A longtime Food and Drug Administration regulation has mandated that mifepristone—one of two drugs typically involved in medication abortion—be dispensed in person, at a hospital or clinic, even though the pills can be self-administered safely at home. (And in fact, the entire process of the actual passing of the pregnancy usually occurs there.) Under the rule, people seeking medication abortions had to travel just as far as they would if they were getting an in-clinic procedure, which for most people is pretty far. In 2014, roughly 90 percent of counties had no abortion clinic, and 39 percent of women of reproductive age lived in one of those counties.
And obviously the rule had unique implications once the pandemic hit: Requiring patients to visit a clinic just to be handed a pack of pills was not only an unnecessary obstacle to abortion, but an unnecessary risk of exposure to covid for everyone involved.
A federal judge lifted the rule for the first time in July, after multiple reproductive justice organizations filed a civil suit challenging the FDA restrictions. But this past January, the Supreme Court allowed the Trump administration to reinstate the in-person dispensing requirement, closing what The New Republic’s Melissa Gira Grant had called “a window of possibility on self-managed abortion.” During that roughly six-month period, patients were able to receive abortion pills by mail or through a pharmacy, which studies show is overwhelmingly safe and effective.
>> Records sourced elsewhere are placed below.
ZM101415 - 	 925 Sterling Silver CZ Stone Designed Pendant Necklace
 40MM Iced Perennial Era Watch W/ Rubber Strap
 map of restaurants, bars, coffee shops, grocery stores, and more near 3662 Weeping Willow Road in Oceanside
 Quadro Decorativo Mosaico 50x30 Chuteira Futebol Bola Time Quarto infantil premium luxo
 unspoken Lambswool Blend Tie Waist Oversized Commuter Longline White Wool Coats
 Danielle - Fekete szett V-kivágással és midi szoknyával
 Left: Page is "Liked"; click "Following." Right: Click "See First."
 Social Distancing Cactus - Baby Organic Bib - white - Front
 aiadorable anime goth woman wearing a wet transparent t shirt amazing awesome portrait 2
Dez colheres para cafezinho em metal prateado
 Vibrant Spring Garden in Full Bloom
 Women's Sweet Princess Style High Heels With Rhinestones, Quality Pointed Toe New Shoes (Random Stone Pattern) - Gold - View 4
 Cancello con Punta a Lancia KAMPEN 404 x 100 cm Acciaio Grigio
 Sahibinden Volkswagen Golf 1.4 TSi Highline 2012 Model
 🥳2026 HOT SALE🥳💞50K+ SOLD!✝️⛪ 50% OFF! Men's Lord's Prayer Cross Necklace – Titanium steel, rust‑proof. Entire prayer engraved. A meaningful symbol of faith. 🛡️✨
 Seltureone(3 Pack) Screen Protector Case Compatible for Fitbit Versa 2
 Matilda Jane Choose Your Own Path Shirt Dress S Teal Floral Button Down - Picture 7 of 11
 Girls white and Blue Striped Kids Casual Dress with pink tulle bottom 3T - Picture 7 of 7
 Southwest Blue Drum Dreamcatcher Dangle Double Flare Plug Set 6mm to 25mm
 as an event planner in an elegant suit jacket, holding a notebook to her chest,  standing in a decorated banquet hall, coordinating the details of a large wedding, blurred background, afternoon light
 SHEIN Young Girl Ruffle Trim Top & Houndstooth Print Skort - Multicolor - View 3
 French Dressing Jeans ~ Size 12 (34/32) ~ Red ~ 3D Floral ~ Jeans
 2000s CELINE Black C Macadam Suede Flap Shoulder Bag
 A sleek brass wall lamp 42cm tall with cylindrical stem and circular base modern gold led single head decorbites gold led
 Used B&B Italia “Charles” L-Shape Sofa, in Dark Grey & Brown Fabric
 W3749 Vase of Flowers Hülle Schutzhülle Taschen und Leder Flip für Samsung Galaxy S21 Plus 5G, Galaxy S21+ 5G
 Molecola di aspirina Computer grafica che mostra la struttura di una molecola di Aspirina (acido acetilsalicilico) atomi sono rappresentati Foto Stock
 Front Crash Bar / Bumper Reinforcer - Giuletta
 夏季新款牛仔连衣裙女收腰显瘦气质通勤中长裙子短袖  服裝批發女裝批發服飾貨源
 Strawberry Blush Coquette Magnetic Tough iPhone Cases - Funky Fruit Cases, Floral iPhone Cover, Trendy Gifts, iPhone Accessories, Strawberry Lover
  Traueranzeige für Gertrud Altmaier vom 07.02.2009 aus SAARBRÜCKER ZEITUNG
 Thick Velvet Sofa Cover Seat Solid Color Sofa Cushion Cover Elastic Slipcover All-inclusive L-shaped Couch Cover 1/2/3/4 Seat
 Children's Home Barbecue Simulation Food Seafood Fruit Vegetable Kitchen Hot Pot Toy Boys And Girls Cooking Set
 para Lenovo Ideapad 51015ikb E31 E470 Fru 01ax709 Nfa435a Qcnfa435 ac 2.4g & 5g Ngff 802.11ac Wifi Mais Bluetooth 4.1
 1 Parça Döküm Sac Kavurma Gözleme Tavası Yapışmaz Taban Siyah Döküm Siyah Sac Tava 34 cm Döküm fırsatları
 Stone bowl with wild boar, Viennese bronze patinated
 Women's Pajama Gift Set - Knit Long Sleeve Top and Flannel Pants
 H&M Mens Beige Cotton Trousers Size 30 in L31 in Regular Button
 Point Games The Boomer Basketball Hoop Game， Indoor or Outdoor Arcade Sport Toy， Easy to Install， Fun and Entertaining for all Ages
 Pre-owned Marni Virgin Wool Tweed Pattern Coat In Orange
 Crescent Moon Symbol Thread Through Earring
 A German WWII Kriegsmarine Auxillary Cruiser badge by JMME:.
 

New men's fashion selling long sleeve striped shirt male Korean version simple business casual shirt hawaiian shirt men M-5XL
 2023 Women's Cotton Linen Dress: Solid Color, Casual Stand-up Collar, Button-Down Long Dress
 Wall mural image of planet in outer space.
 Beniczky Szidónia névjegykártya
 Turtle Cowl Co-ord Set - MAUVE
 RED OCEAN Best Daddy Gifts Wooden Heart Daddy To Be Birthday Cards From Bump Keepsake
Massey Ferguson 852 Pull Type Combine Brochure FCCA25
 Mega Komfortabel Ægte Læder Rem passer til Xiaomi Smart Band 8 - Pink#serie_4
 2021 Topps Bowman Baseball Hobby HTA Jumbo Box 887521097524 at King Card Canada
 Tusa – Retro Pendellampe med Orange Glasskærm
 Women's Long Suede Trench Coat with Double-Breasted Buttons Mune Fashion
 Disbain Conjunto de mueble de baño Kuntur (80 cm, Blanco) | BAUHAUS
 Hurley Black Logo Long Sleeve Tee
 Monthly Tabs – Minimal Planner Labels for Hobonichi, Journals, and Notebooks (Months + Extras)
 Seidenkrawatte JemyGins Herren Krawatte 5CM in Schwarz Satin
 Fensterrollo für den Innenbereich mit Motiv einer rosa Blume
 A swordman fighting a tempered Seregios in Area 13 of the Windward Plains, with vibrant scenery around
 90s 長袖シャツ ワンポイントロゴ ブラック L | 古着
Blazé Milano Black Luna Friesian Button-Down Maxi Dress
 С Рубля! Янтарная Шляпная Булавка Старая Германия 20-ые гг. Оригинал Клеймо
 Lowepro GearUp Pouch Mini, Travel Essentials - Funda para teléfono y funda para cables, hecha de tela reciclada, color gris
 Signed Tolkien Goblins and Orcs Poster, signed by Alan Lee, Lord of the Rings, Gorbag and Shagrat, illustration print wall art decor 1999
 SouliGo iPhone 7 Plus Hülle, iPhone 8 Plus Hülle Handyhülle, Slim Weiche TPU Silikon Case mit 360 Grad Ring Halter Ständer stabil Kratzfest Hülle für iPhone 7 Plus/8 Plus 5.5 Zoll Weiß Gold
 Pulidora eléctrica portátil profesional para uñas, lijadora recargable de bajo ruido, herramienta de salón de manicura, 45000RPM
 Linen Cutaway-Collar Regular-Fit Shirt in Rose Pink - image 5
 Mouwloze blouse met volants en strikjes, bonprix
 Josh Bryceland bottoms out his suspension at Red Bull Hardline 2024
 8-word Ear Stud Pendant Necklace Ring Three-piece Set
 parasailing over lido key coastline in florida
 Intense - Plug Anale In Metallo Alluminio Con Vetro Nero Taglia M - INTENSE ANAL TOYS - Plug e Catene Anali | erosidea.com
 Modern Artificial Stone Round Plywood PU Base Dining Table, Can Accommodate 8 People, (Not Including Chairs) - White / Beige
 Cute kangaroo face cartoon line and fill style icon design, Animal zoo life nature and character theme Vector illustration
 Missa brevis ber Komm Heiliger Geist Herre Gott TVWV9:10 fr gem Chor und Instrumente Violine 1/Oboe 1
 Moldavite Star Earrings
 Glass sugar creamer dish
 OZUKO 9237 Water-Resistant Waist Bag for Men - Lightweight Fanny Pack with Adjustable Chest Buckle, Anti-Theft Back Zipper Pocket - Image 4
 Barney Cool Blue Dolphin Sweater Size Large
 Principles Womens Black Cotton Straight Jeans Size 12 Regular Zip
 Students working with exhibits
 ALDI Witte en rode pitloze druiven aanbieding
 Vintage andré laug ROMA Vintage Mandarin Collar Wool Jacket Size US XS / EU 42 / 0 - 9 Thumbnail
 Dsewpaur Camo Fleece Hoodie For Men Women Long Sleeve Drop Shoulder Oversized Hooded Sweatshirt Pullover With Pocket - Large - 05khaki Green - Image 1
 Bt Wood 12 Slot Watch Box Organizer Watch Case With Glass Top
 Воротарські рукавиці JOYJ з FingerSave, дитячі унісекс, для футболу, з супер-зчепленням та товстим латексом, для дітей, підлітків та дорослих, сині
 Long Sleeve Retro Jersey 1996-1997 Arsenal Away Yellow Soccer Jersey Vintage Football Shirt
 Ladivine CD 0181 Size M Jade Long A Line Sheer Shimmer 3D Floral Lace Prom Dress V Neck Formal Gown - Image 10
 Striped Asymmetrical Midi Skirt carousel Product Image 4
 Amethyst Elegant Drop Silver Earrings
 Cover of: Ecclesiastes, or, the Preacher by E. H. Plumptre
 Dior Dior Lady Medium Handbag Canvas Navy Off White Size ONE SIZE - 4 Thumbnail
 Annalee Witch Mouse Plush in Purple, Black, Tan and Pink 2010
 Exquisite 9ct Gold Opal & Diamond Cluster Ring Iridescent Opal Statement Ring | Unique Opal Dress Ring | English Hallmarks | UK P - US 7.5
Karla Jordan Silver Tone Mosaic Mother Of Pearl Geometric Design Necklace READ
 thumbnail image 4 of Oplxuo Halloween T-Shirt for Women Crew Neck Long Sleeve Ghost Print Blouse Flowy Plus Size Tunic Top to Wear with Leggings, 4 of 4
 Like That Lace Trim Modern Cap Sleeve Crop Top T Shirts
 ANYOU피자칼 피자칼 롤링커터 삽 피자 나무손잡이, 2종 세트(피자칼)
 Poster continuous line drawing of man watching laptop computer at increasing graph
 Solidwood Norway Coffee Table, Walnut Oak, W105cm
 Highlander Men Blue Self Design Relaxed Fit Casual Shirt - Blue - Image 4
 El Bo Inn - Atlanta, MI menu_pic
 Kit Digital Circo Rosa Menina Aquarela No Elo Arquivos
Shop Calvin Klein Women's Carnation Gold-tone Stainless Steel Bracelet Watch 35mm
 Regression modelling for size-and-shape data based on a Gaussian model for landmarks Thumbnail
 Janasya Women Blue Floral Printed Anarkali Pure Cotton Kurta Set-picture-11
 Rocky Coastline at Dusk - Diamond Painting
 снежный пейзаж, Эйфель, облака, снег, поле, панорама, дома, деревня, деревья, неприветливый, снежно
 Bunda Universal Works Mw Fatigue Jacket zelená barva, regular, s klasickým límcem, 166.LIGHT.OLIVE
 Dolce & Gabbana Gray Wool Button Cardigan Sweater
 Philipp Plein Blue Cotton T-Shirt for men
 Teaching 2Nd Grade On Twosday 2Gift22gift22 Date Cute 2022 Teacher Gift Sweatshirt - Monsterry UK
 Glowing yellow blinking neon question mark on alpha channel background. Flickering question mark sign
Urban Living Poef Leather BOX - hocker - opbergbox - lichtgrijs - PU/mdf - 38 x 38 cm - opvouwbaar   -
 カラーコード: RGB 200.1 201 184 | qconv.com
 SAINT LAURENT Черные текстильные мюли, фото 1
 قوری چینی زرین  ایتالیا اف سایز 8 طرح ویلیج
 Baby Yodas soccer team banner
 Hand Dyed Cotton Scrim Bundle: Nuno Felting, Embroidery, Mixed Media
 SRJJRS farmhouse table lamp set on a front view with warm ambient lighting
Now the window of possibility is open one again. There’s widespread consensus among reproductive health experts and prestigious medical associations that the FDA’s restrictions on abortion pills are medically unnecessary. Even Jane Henney, the former FDA commissioner who oversaw the agency when the rules went into effect, has called for them to be re-evaluated, arguing that they “may no longer be appropriate.”
The pandemic may still be far from over, but when it finally ends people will still need safe, accessible abortions. If Biden truly “believes in science”—as he so often says he does when it comes to climate change and covid, for example—he’ll lift the FDA restrictions permanently.